• **Record set**
»»
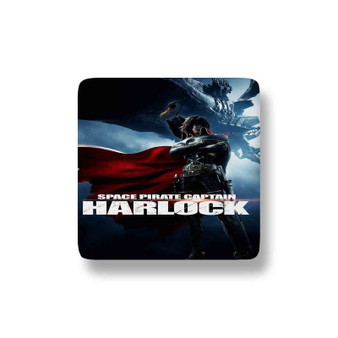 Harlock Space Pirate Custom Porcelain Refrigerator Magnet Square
««
»»
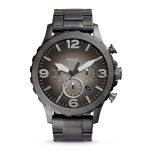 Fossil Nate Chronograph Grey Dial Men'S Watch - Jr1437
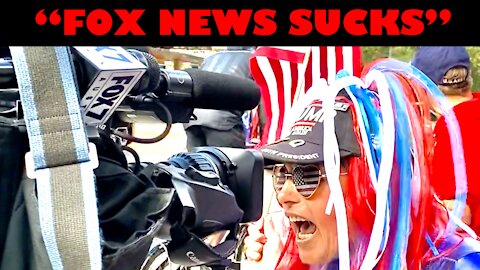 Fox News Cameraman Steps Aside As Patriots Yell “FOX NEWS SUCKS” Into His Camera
««
• **Assignment**
Look above for the line containing "Fossil Nate Chronograph", then write out every line from there down to the line containing "Fox News Cameraman", that line included, with no pictures.

• **Result for this task**
 Fossil Nate Chronograph Grey Dial Men'S Watch - Jr1437
 Fox News Cameraman Steps Aside As Patriots Yell “FOX NEWS SUCKS” Into His Camera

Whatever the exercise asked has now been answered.